Acclaimed violinist Nicola Benedetti has criticised the state of music teaching in Britain, saying that every young person should be “made” to study classical works to help them understand humanity.
Ms Benedetti, who is currently working with about 200 young musicians at the Royal Albert Hall, told The Independent: “There should be a substantial amount of complex great music in schools. It’s insane to me that there isn’t.”
She said teachers should be encouraged to take children through symphonies from Beethoven and Sibelius to Dvorak and Mahler and explain the form in detail. “Every single young person in this country should be made – within the context of their school curriculum – to listen to the greatest classical works.”
The 26-year-old musician, who is up for two Classical Brit awards and releases a new album My First Decade next week, said it was ridiculous that classical music was marginalised in schools because of the perception that children do not find it “fun”
“Since when did everything have to be fun? Music can be fun and enjoyable, but it also provides a way to go as deep as you can into our history and our understanding of humanity; of our expression and growth as people,” she said. “It makes me sad, the gross misunderstanding of its potential and power and influences.”

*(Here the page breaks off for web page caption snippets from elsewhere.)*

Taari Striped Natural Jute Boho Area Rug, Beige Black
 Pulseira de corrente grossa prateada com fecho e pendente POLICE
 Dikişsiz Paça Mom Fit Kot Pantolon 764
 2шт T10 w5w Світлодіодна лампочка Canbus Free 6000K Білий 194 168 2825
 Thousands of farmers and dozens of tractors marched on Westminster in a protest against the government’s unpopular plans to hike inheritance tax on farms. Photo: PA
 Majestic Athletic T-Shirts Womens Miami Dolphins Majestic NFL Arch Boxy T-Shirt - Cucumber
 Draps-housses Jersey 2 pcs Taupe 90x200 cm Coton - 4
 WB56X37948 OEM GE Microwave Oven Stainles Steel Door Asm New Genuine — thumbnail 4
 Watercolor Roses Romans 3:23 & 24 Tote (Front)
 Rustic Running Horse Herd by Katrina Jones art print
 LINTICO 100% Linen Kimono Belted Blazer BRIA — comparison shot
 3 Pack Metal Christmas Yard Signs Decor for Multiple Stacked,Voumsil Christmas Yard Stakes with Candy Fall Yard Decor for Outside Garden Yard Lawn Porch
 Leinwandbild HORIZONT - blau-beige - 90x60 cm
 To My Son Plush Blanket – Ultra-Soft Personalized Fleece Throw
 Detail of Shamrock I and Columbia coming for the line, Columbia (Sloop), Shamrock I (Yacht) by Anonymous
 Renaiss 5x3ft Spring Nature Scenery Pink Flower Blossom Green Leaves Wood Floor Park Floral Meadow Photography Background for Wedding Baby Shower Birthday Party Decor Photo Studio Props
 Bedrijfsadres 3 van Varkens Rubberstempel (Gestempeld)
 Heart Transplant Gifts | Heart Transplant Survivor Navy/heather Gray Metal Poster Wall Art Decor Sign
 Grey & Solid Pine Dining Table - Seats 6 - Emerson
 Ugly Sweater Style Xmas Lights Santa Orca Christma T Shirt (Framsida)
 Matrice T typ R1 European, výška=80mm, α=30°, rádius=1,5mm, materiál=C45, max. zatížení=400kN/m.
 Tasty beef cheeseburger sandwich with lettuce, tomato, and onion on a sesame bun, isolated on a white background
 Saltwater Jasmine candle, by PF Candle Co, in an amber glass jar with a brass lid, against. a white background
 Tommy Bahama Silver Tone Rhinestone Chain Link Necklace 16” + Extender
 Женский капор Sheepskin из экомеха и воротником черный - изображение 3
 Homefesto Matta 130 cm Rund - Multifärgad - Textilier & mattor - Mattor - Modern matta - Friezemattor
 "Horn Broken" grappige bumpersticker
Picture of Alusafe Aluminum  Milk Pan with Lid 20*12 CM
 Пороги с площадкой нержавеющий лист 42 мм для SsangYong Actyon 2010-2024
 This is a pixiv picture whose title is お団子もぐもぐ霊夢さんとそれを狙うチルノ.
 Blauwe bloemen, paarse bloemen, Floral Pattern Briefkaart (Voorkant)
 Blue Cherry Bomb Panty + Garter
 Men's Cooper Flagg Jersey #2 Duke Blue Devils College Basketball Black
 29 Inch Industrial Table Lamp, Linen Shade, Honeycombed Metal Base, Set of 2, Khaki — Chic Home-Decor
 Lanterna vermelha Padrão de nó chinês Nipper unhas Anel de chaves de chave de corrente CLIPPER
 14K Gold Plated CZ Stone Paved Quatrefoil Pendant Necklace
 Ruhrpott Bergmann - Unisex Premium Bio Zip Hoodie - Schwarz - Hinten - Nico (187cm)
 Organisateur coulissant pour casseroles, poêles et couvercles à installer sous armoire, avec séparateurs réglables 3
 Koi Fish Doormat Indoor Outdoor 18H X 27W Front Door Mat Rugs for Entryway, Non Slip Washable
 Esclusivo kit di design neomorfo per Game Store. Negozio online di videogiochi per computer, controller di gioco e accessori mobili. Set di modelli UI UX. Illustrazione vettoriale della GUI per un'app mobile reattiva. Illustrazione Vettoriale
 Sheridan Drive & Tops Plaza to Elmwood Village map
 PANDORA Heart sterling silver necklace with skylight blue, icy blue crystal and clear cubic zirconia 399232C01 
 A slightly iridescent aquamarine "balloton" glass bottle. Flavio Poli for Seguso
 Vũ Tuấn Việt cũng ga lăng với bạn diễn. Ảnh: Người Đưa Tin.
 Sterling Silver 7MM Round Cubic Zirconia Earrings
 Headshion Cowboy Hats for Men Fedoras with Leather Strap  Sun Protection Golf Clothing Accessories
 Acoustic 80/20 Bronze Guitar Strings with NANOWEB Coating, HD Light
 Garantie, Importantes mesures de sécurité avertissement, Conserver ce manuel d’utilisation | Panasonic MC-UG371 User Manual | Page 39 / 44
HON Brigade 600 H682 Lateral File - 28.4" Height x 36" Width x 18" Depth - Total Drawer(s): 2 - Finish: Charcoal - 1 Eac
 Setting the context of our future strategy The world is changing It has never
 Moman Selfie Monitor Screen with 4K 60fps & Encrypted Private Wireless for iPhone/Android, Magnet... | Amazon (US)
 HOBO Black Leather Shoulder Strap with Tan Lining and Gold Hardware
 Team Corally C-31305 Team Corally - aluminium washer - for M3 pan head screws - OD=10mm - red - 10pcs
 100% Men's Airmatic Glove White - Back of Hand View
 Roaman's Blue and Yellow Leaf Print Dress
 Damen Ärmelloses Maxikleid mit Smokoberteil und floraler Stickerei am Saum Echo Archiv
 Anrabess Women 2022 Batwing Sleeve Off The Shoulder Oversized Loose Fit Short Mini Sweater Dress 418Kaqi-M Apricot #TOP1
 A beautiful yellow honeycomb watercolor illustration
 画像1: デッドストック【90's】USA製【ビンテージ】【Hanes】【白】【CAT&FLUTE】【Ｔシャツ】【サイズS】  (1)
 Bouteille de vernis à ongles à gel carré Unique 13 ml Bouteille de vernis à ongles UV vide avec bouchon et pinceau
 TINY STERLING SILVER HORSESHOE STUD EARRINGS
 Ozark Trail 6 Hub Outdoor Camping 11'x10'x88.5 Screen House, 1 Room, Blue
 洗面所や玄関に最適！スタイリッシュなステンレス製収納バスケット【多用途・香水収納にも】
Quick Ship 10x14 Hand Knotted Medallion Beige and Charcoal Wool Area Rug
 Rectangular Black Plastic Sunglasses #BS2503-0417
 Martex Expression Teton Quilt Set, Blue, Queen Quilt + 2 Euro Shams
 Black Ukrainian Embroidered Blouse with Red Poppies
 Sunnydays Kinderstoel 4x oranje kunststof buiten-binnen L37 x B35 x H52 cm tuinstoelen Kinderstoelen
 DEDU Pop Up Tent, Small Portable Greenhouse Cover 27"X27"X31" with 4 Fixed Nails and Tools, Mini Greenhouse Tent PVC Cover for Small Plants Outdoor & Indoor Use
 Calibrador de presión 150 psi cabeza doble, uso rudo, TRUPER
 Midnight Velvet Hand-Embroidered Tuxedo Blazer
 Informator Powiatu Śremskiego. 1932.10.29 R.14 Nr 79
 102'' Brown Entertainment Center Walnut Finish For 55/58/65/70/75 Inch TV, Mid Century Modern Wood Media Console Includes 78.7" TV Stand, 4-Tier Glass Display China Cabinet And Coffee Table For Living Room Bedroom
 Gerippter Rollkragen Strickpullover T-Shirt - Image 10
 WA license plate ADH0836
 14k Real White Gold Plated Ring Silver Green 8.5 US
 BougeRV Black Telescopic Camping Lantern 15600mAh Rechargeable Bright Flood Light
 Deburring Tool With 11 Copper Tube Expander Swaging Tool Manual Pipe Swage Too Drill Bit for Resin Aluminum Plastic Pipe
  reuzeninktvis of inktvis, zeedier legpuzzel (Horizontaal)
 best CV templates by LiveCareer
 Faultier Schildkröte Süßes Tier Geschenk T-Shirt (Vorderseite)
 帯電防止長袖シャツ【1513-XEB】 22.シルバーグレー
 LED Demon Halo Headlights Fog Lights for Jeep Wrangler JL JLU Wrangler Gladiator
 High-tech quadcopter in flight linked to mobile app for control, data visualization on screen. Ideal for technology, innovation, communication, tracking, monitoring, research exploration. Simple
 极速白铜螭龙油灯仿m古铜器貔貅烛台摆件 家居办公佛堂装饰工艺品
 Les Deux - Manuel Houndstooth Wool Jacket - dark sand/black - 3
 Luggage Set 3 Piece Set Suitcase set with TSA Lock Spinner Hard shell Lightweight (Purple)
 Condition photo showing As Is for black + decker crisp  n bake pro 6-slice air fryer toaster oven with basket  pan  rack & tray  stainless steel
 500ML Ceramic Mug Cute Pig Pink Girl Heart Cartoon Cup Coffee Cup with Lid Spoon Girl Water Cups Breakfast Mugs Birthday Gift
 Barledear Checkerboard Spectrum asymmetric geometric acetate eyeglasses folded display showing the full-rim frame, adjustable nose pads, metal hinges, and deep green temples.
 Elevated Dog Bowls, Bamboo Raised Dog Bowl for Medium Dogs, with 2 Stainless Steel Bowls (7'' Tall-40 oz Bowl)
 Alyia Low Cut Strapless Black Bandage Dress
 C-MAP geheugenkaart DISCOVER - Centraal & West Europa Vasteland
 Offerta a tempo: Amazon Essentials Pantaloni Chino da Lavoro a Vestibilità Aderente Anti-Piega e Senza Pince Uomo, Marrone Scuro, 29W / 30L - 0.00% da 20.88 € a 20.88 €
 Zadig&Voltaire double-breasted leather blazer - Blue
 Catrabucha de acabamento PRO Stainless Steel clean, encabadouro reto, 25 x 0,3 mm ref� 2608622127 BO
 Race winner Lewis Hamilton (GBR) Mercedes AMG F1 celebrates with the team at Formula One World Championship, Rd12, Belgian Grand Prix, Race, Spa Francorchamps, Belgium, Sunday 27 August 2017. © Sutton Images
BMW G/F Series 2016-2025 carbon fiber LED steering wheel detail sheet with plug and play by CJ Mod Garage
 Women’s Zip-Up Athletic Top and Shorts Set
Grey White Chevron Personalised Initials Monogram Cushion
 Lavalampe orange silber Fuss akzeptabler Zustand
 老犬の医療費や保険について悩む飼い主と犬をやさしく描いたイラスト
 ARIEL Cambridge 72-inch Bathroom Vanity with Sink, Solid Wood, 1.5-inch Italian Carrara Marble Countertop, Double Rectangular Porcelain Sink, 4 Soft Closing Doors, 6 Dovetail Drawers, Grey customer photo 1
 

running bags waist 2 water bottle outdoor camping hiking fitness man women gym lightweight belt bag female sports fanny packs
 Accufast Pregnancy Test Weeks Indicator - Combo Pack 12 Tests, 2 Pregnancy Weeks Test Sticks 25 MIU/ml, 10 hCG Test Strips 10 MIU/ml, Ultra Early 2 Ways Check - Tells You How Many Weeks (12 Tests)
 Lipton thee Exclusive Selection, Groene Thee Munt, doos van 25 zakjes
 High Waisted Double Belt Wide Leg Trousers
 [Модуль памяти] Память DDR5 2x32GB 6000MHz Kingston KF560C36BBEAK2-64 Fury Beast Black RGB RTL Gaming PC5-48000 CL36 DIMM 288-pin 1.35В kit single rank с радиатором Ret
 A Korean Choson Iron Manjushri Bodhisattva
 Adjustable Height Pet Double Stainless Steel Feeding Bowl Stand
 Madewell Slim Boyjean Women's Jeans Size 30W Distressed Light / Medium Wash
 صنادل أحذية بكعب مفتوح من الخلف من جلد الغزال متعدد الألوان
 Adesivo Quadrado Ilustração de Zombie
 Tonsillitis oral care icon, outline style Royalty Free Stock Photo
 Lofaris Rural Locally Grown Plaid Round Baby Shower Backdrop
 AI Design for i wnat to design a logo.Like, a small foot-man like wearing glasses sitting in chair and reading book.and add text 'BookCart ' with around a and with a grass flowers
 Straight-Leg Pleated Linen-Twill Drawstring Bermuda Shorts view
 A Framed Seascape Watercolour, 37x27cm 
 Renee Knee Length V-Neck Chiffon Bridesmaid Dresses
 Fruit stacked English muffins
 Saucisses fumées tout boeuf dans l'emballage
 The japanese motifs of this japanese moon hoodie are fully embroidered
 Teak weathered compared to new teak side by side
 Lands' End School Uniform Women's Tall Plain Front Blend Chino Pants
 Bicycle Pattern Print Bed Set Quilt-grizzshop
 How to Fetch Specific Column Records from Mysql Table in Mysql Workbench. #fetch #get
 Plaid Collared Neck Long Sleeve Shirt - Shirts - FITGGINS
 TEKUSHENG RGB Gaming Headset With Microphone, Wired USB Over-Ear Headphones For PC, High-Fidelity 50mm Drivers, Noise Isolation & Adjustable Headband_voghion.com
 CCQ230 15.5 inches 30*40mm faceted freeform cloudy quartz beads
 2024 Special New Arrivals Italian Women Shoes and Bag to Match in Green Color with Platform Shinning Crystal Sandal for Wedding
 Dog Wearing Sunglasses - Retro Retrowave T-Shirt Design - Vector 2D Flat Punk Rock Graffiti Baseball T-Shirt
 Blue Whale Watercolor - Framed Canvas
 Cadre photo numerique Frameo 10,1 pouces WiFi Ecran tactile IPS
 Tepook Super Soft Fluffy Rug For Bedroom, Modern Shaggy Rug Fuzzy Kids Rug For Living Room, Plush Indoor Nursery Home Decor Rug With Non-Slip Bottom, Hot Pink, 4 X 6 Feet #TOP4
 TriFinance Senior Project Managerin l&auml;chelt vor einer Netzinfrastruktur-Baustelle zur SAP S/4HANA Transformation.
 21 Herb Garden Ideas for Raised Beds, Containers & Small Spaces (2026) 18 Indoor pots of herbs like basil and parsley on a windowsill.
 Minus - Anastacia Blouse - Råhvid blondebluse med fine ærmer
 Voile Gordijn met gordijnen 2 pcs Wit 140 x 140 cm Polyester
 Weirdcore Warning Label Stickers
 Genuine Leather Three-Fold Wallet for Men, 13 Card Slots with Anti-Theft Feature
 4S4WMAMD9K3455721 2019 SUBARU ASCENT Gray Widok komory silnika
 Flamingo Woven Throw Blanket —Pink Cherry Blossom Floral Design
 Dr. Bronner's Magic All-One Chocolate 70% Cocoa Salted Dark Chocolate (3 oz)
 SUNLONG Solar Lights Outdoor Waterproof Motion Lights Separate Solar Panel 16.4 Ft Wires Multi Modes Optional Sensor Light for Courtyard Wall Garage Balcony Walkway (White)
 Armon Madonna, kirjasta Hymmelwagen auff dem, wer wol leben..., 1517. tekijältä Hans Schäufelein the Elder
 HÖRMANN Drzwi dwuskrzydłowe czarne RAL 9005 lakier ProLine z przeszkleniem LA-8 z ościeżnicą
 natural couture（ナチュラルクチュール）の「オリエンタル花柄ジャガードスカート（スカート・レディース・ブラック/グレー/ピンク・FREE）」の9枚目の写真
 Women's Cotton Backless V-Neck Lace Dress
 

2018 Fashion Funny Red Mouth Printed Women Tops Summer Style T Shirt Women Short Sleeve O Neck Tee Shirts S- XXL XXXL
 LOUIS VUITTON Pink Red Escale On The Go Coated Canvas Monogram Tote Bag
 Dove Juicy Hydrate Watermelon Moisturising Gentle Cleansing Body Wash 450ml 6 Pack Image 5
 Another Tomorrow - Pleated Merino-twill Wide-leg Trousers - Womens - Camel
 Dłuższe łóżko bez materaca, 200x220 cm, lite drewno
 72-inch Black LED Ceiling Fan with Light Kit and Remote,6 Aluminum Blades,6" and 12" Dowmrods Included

Today is the last of three days of musical workshops by Ms Benedetti at the Albert Hall ahead of her solo concert on the main stage next week. After days of rehearsals, 40 advanced second year Conservatoire undergraduate string players from the Royal College of Music and the Royal Academy of Music will perform Bartok’s Divertimento alongside Ms Benedetti this evening.
About 150 young violinists between grade four and six will also perform the Intermezzo from Cavalleria Rusticana before.
Ms Benedetti said: “The students will learn about how I would work on a piece of music and to what detail I would work. I hope they will leave them inspired and help continue their enthusiasm for music and practice.”
Jasper Hope, chief operating officer at the Albert Hall, said it was an “amazing opportunity” for the students to learn from someone “at the top of their game and “perhaps take a step to following in her footsteps”.
The move is part of the venue’s plan to further promote appreciation and the understanding of the arts among young people. Others to have held similar events include Emeli Sande, Foals and Soweto Kinch.
Ms Benedetti said: “This has been years in the making of me thinking up a dream scenario. I had the opportunity to take that format to people in Scotland and all the organisations got together to support it. It’s been the same at the Royal Albert Hall. This is not a token masterclass.”
Ms Benedetti is a veteran of the Proms, which this year culminated with the first appearance of a woman, Marin Alsop, conducting the Last Night of the Proms in its 118-year history.
Commenting on Ms Alsop’s statement that it was “shocking” there were still firsts for women in 2013, Ms Benedetti said: “It’s not a huge surprise. You take a slice across today’s world and in an enormous percentage of the world, women’s rights are non-existent. If you have a world view on women’s rights, this is the least of our worries. In this country and America you’re doing pretty well.”